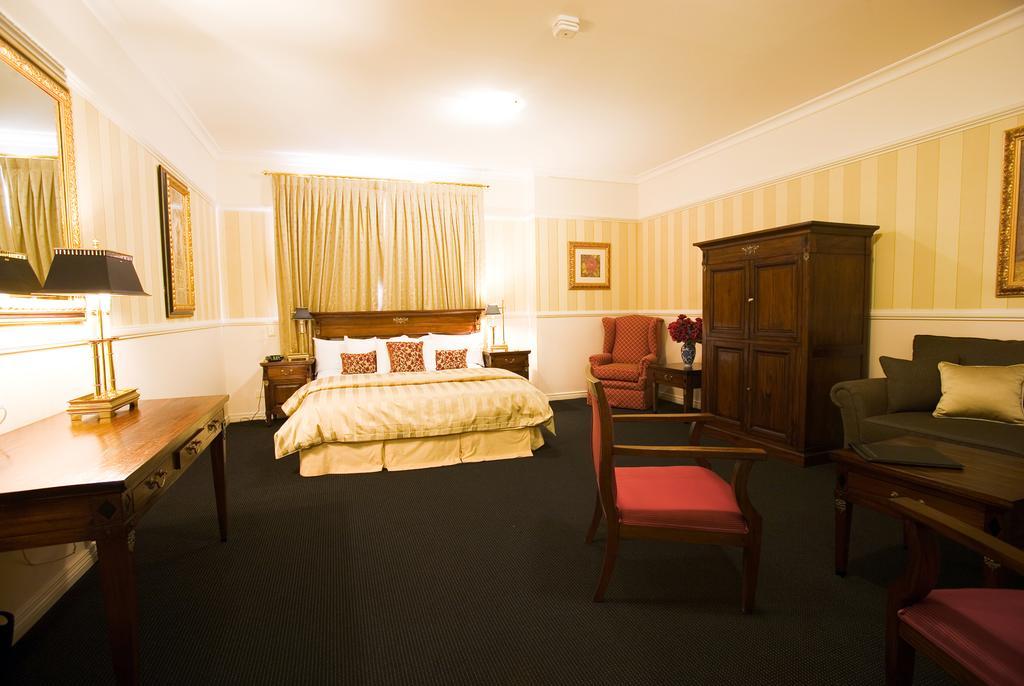 Redearth Boutique Hotel Mount Isa Pokoj fotografie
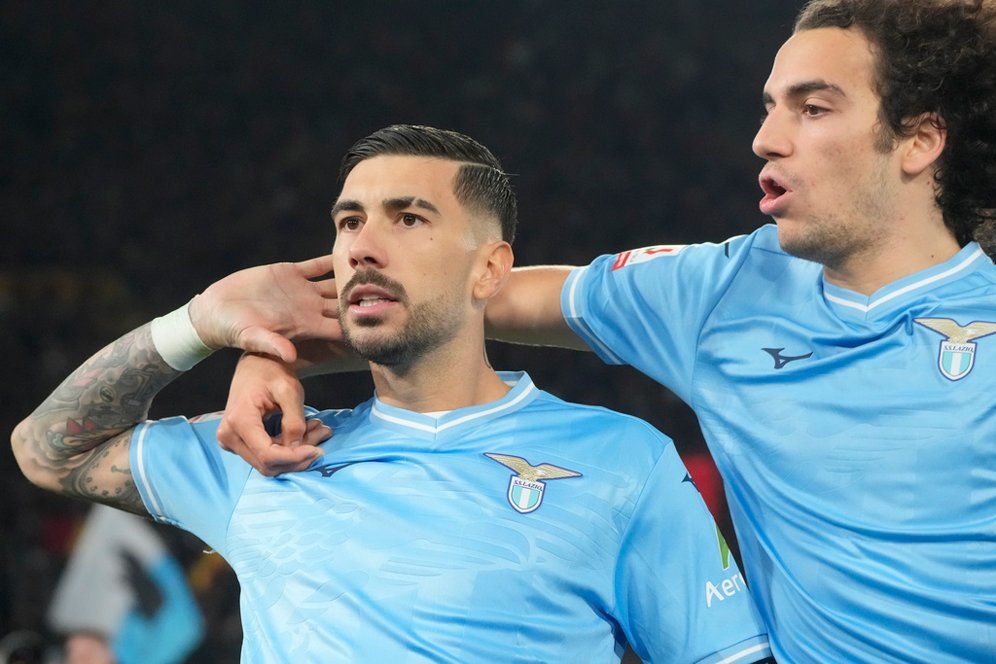 Hasil Lazio vs AS Roma: Skor 1-0 Hasil Lazio vs AS Roma: Skor 1-0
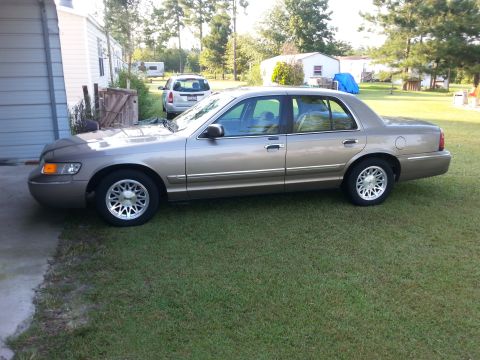 2001 Mercury Marquis
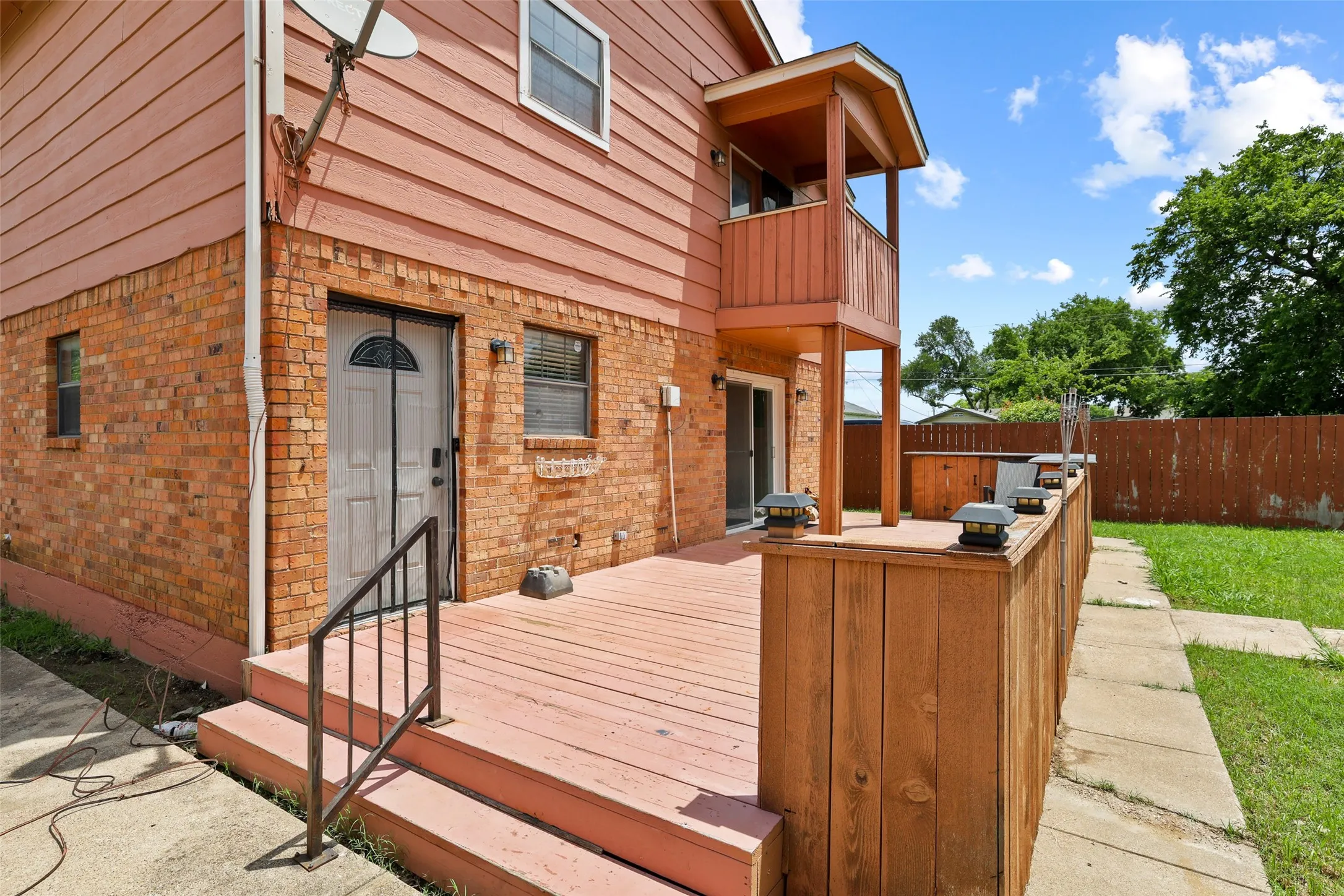 Single Family Residence For Sale in Dallas County , 204 E Avenue D, Garland, Texas 75040, 2 Bedroom, 3 Bathroom, Garage spaces, 2,184 Sqft, built in 1950, mls#21283908, Real Estate Agent in Garland, Homes For Sale in Dallas county, Homes For Sale in Garland, Realtor in Garland Texas, Real Estate Brokerage Independent Realty Texas, Luminita Cordes Realtor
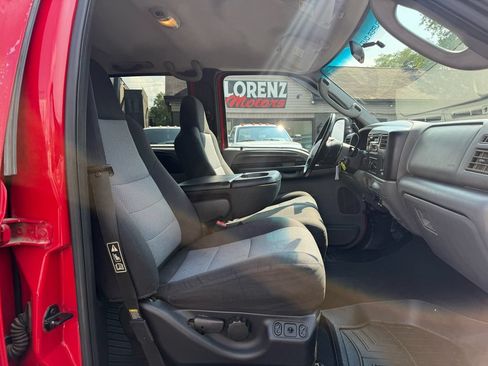 Used 2003 Ford F250 XLT AWD/4WD image 10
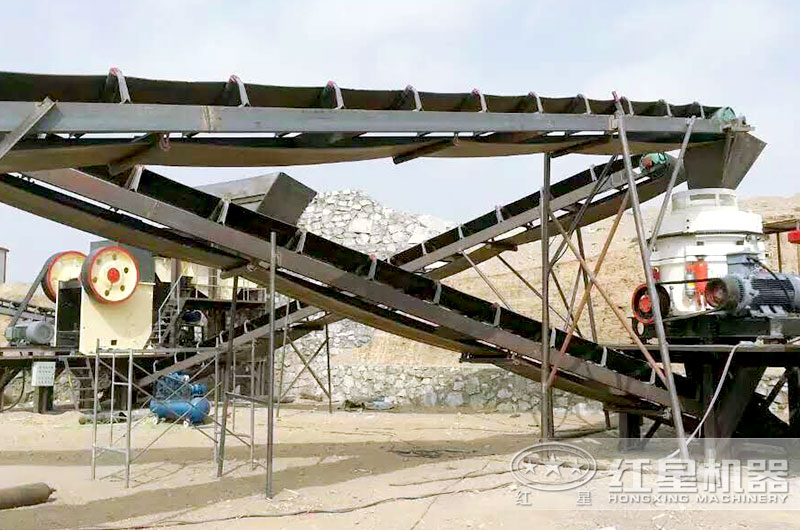 砂石生產(chǎn)線現(xiàn)場(chǎng)，粗碎破碎機(jī)為顎式破碎機(jī)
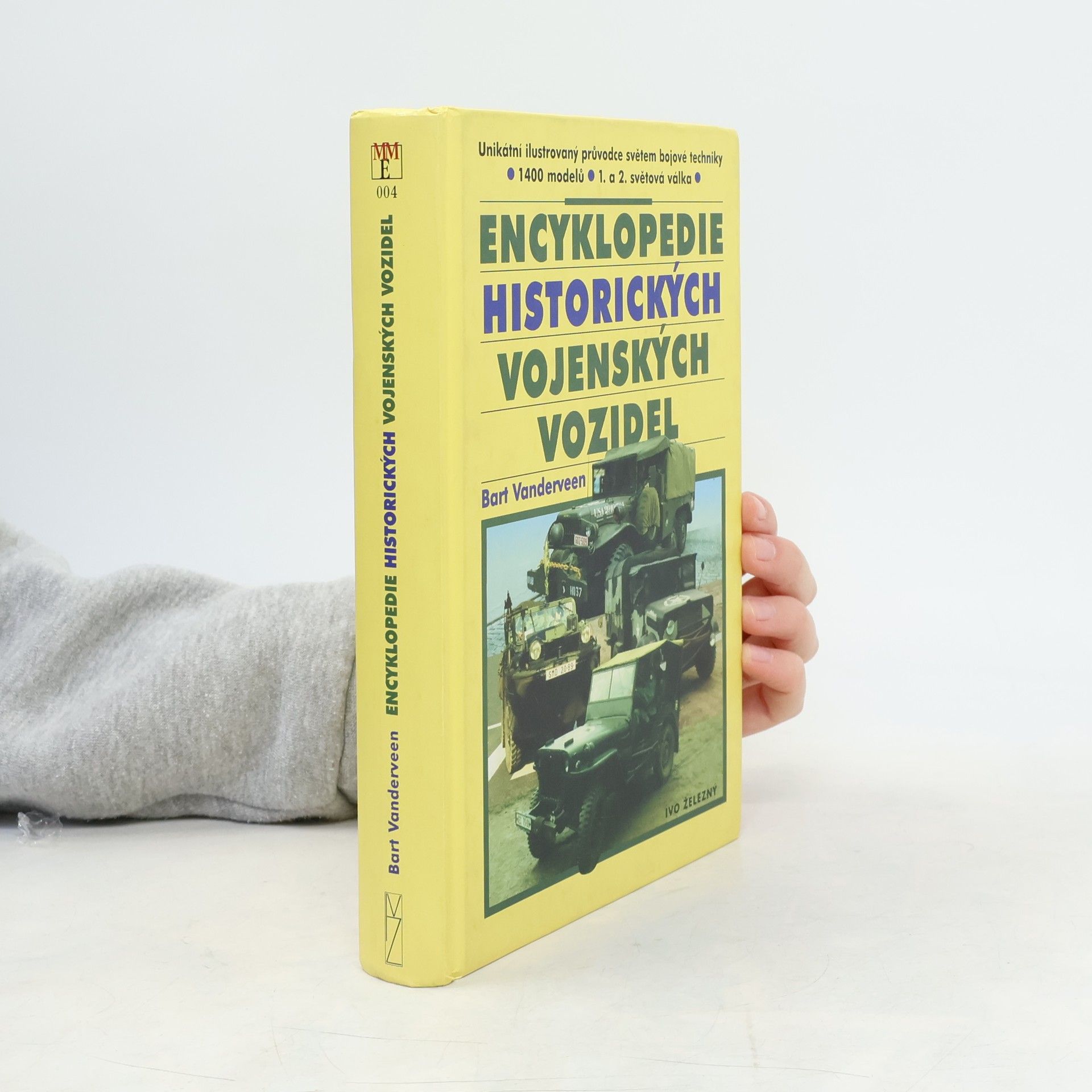 Bart Vanderveen Encyklopedie historických vojenských vozidel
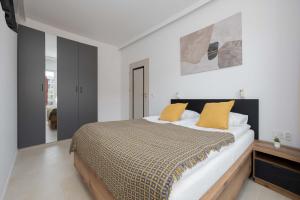 Comfortable Studio with Balcony in Warsaw Near Westfield by Noclegi Renters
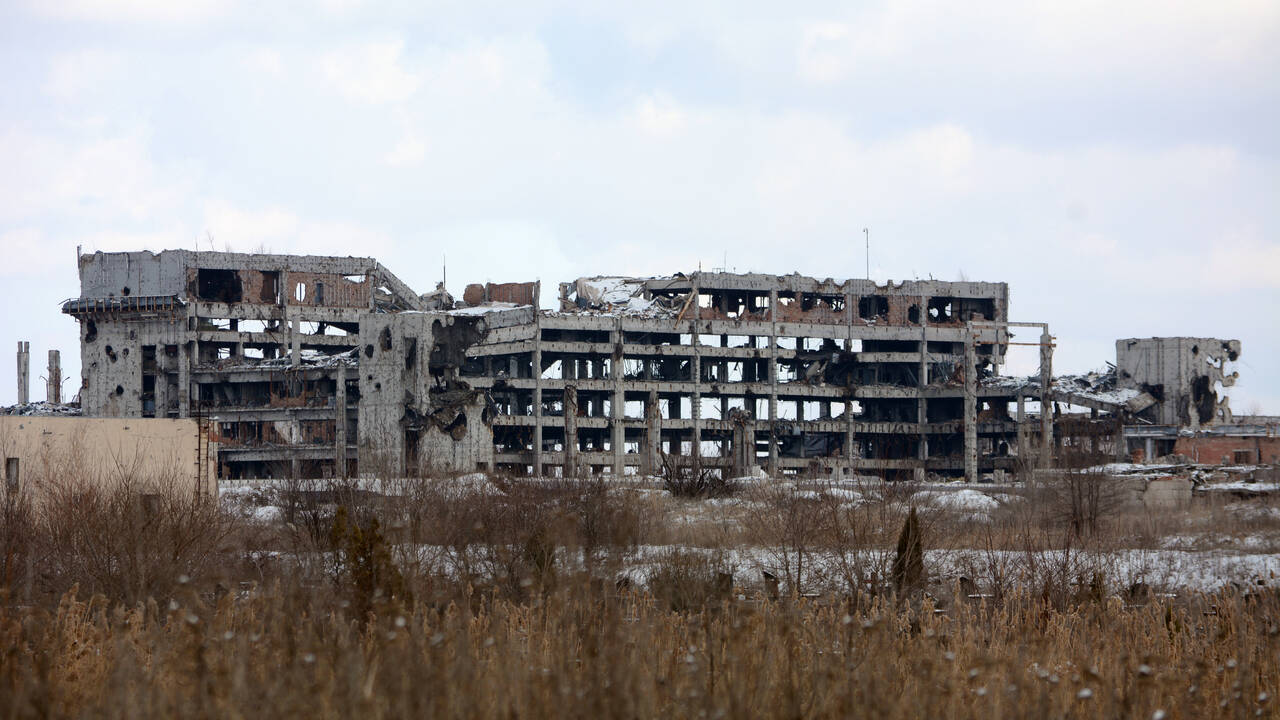 Разрушенный донецк. Разрушенный Донбасс аэропорт. Разрушенный аэропорт в Донецке. Аэропорт Донецк 2021. Донецкий аэропорт сейчас 2022.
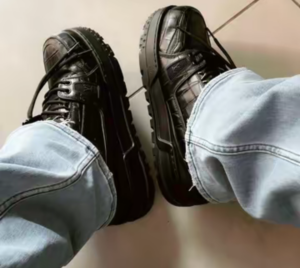 Giay Louis Vuitton LV Maxi Trainers 'Black' 1ACN17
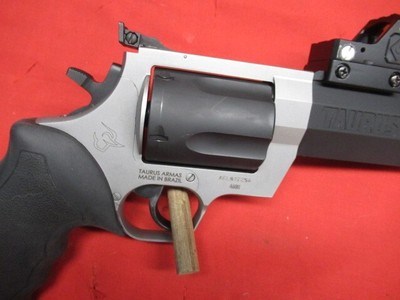 Taurus Raging Hunter 460 S&W Magnum with Red Dot Sight - Image 6 of 10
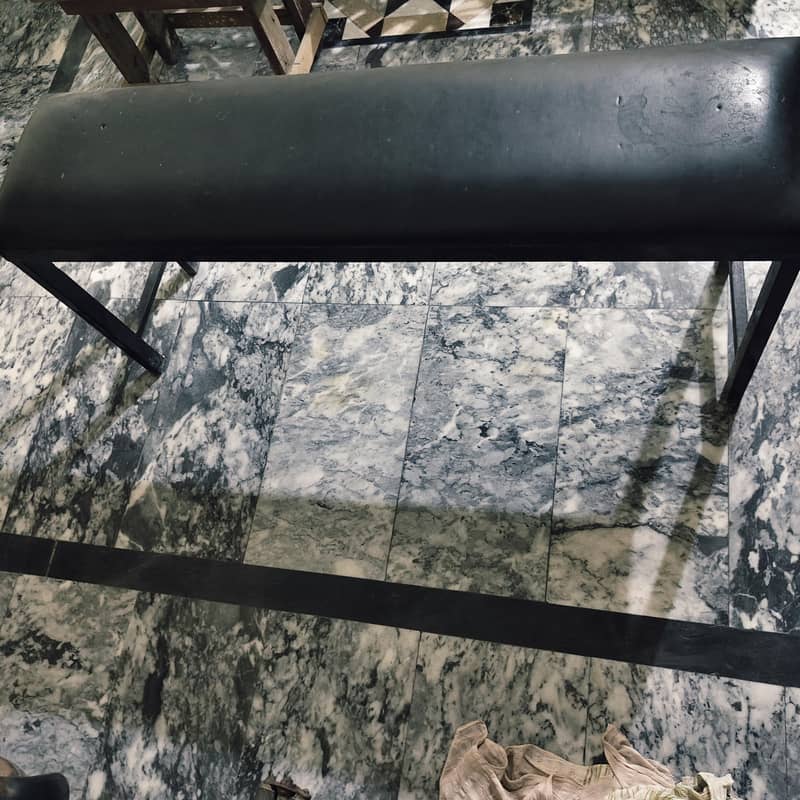 benches and table 4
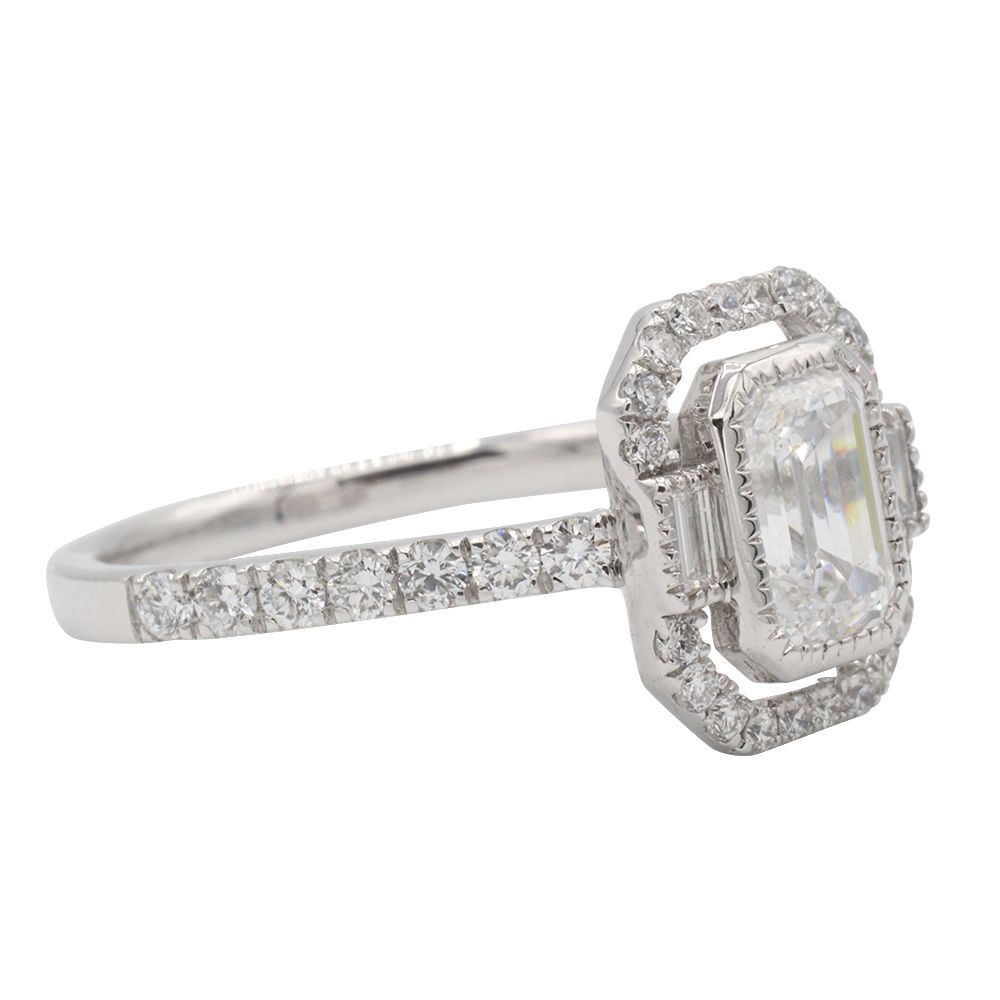 21100889 (3)-newline Halo Engagement Ring, White Gold - MIDLR60436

▬▬▬▬▬▬▬▬▬▬

Work item
Pictures aside, print exactly the lines above starting with the one containing "Used 2003 Ford F250 XLT AWD/4WD image 10" and going on through the one containing "Comfortable Studio with".

Solution
 Used 2003 Ford F250 XLT AWD/4WD image 10
 砂石生產(chǎn)線現(xiàn)場(chǎng)，粗碎破碎機(jī)為顎式破碎機(jī)
 Bart Vanderveen Encyklopedie historických vojenských vozidel
 Comfortable Studio with Balcony in Warsaw Near Westfield by Noclegi Renters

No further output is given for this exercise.